Nichtsdestotrotz hob sich Franz Lehár ganz entschieden von den anderen Komponisten seiner Zunft ab. Ebenso wie bei den anderen bereitete der Frohsinn seiner beschwingten Melodien einzigartiges Vergnügen. Doch Lehár mochte nie so ganz auf die Wesensmerkmale der Ernsthaftigkeit verzichten. Insbesondere in Operetten wie „Land des Lächelns“, „Paganini“ und „Zarewitsch“, ansatzweise auch bereits in Großteilen der „Zigeunerliebe“, brachte Franz Lehár seine Neigung zum ernsten opernhaften Sujet musikalisch nachhaltig zum Ausdruck und schaffte romantische Bühnenwerke von einprägsamer musikalischer Schönheit. In seiner dritten und letzten Schaffensphase quittierte der Komponist den Dienst am sonst in der Operette gern gesehenen Happy End. Stattdessen bevorzugte Lehár in der Grundstimmung seiner Operetten das pathetische Sentiment, das bis dahin überwiegend in Opern vorherrschte. Er ließ sich dabei in erster Linie von einem Kollegen anspornen und anregen: Giacomo Puccini. Gerade bei „Land des Lächelns“, aber auch bei anderen Werken Lehárs lässt sich der Einfluss Puccinis kaum wegdiskutieren. Franz Lehár und Giacomo Puccini waren eng befreundet und tauschten auch gerne Partituren aus, um sich gegenseitig zu inspirieren.

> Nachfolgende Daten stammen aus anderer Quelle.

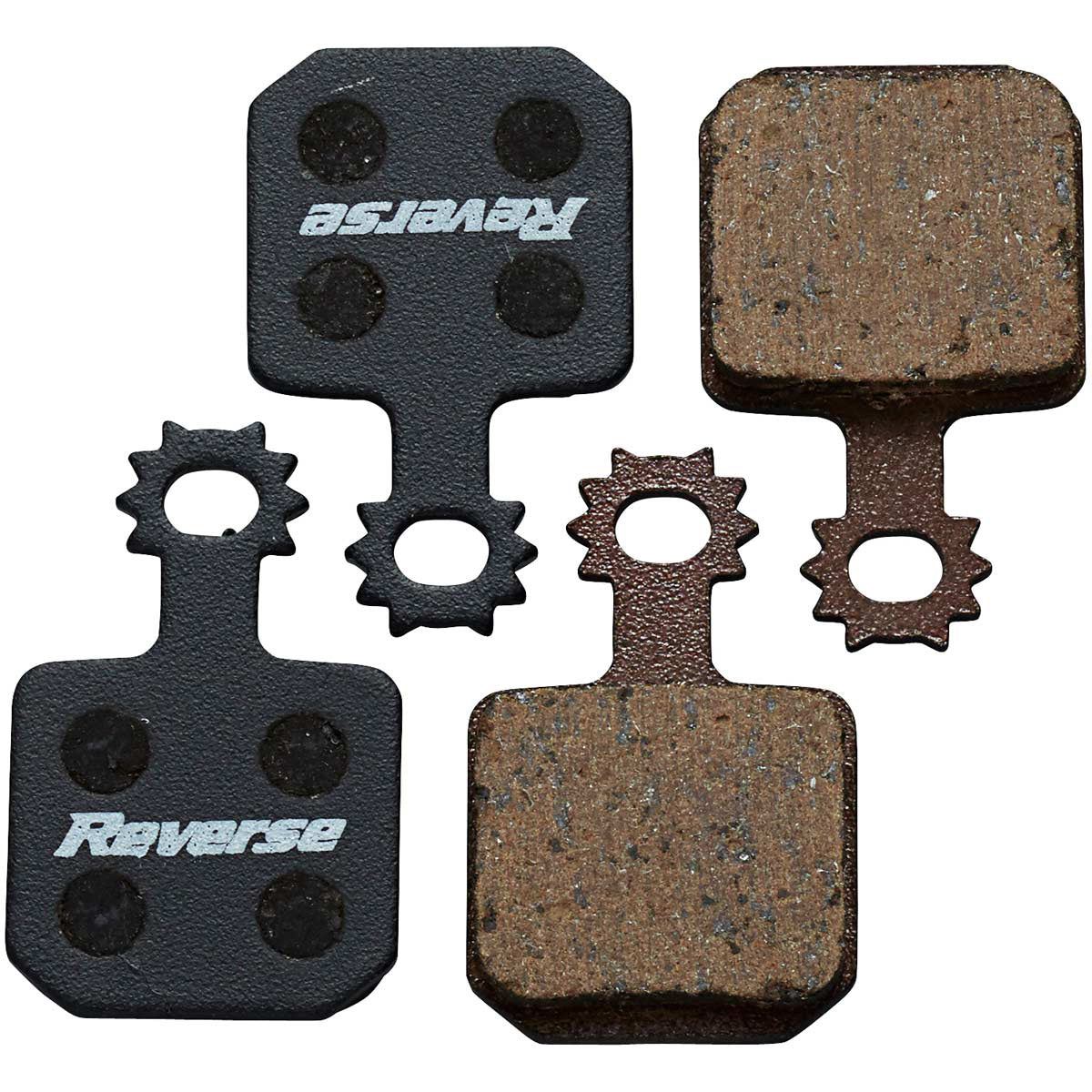 Reverse Shimano (G-type 2-piston) Pads Organic-Goodwynn'sGoodwynn's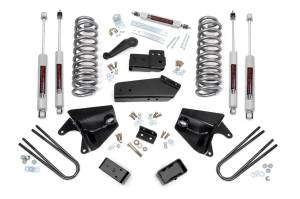 Rough Country Suspension Lift Kit w/Shocks 6 in. Lift - 472.20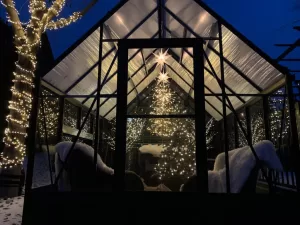 Greenhouse at Night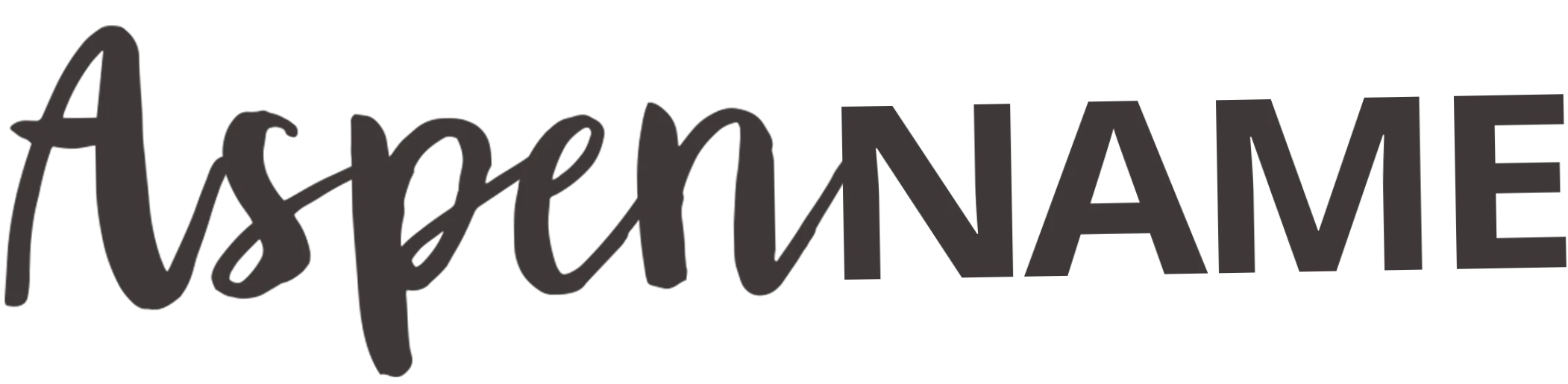 Aspenname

Man sollte sich nicht der Illusion hingeben, das Genre Operette als „leichte Muse“ zu unterschätzen. Gerade in Lehárs Werken bedarf es ebenso einfühlsamen wie ausdrucksstarken Darstellern. Und vor allem stellt Lehárs Musik hohe musikalische Anforderungen an die Interpreten. Und so darf es nicht verwundern, dass kein Opernsänger, der etwas auf sich hält, darauf verzichtet, „Dein ist mein ganzes Herz“ (Land des Lächelns) stolz und repräsentativ seinem Repertoire hinzuzufügen.